A very large international manufacturer of surfactants (especially for LAS) is the Sasol company . Other important companies in the surfactant market are BASF , Clariant , Cognis , Huntsman, Shell , in Russia Nizhnekamskneftekhim ( Russian : Нижнекамскнефтехим) and Kirishinefteorgsintez (Russian: КиришинефФтеоргсинтез) in China; India Indian Petrochemicals Corp. Ltd. A further growing surfactant market is expected in the Asian region in particular.

Individual evidence

  1. Beck, R .: Physical properties of anionic surfactant systems with divalent counterions and their mixtures with zwitterionic surfactants and cosurfactants. 2004, accessed November 20, 2019 .

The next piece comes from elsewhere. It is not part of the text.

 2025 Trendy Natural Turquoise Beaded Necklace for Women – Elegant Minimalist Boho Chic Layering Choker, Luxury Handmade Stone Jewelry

  2. Rheology: Viscoelastic behavior of worm-like micellar surfactant solutions ( Memento of the original from December 31, 2017 in the Internet Archive ) Info: The archive link was inserted automatically and has not yet been checked. Please check the original and archive link according to the instructions and then remove this notice. @1@ 2Template: Webachiv / IABot /
  3. a b Bernd Fabry: Surfactants, properties, raw materials, production, applications . In: Chemistry in Our Time . tape 25 , no. 4 , 1991, pp. 214–222 , doi : 10.1002 / ciuz.19910250407 .

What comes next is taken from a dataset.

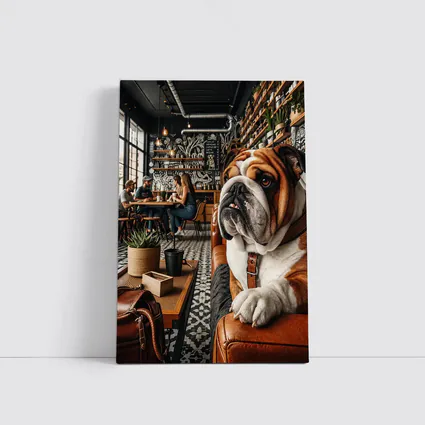 English Bulldog Relaxing Inside Cozy Cafe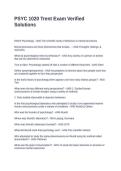 PSYC 1020 Trent Exam Verified Solutions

  4. Tenside , accessed on May 27, 2013.
  5. Syngenta: Application technology for agriculture - Additives - Important additives (p. 11)
  6. Calbiochem Booklet: Detergents (PDF; 619 kB).
  7. Product information from Solvay Novecare (USA), accessed on July 24, 2017.
  8. Franz v. Bruchhausen, G. Dannhardt, Siegfried Ebel, August-Wilhelm Frahm, Eberhard Hackenthal, Ulrike Holzgrabe: Hager's handbook of pharmaceutical practice . Springer-Verlag, 2013, ISBN 978-3-642-57880-9 , pp. 292 ( limited preview in Google Book search).
  9. a b F.H. Meyers, E. Jawetz, A. Goldfien: Textbook of Pharmacology For students of medicine of all study stages and for doctors . Springer-Verlag, 2013, ISBN 978-3-642-66183-9 , p. 350 ( limited preview in Google Book Search).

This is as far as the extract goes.